We have a lot to talk about!  Our institute has never had a brighter future, because the demand for well-educated bachelor’s-level engineers and scientists will accelerate in the decades ahead.  As you develop your expectations about Rose-Hulman’s future, please take some time to reflect on four important and rapidly-changing aspects of our environment.

  • Evolving higher education in Indiana.   Fiscal constraints have forced a rethinking of how our state’s higher education resources are focused and financed. In the years ahead, we can expect that Purdue and Indiana University will evolve toward a more research-oriented mission, with less access for marginally-qualified undergraduates.  As Purdue implements this strategy, the Purdue faculty will be better equipped to  recruit and retain top engineering and science students – exactly the students most interesting to Rose-Hulman. We need to think carefully about how we will adapt to a Purdue engineering program increasingly focused on outstanding students, and  offered at much lower cost than a Rose-Hulman education.

  • Increasing capabilities in overseas engineering colleges. When we convened Commission on the Future in 1991, there was no question that US undergraduate engineering and science education was without peer. As we begin thinking about Rose-Hulman Vision 2015, shifts in the global education base have become apparent.  Intel’s founder Andy Grove recently said that “Any engineering, scientific or management task that can be performed in the US can now be performed in Asia.”  Recent visitors to our campus from Korea and India confirm by their personal example the commitment and quality of engineering educators in Asia.

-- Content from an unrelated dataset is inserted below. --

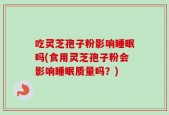 吃灵芝孢子粉影响睡眠吗(食用灵芝孢子粉会影响睡眠质量吗？)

How will our future reflect this changing reality, in the relationships that our Institute builds and the experiences that we provide for our students ?

  • Shifting student demographics.   By 2015 we can expect that the high school students we attract as Rose-Hulman freshmen will be drawn from a very different population.  The class that will enter in 2015 is already in elementary school.  When these young people graduate from high school, nearly 10% of the Indiana graduates will be Hispanic (where fewer than 2% are today).  What will this mean for Rose-Hulman ?
    We will also be seeing relatively fewer Midwest high school prospects in 2015.  In the next ten years, the population of high school graduates in the Southern states will increase almost 20% and in the Western states by more than 15%.  But the Midwest high school graduate population will rise by less than 3%.  More of our prospective students will be farther from Terre Haute than they are today. How will we attract them ?
    Perhaps most important, nearly half the nation’s high school graduates entering college in 2015 will come from families whose total annual income is less than the annual cost of sending one student to Rose-Hulman.  How will be certain that the students best able to benefit from a Rose-Hulman education will receive one?

  • Interdisciplinary knowledge.  Among the most striking shifts in the world of engineering practice is the demand for engineers at every level to work productively in multidisciplinary and multicultural environments.  Today, Rose-Hulman graduates are already at work in consumer products companies designing packaging using computational fluid dynamics modeling borrowed from nuclear weapons simulators. Other graduates are engineers in food processing equipment companies building complex machines driven by robots using machine vision and sophisticated software.  The days of the single specialty are gone; our most successful future graduates will be able to range productively across disciplines and cultures, adding value to the efforts of more narrowly-focused professionals.  These graduates will need continuing development throughout their professional lifetimes to remain leaders in their organizations. How will we prepare our graduates of 2015 for careers that will extend past mid-century ?

Our conversation about the future of Rose-Hulman will surely be a rich and varied one, and I look forward to the insights and new opportunities that will emerge as we share our expectations.  Francois Jacob did his Nobel prize-winning work at the Pasteur Institute, which was founded 80 years earlier to solve the problem of rabies. His insights on bacterial genetics could not have been imagined by the scientists who founded his institute.  Let’s see what future potentials and possibilities develop from our conversation in the months and years ahead!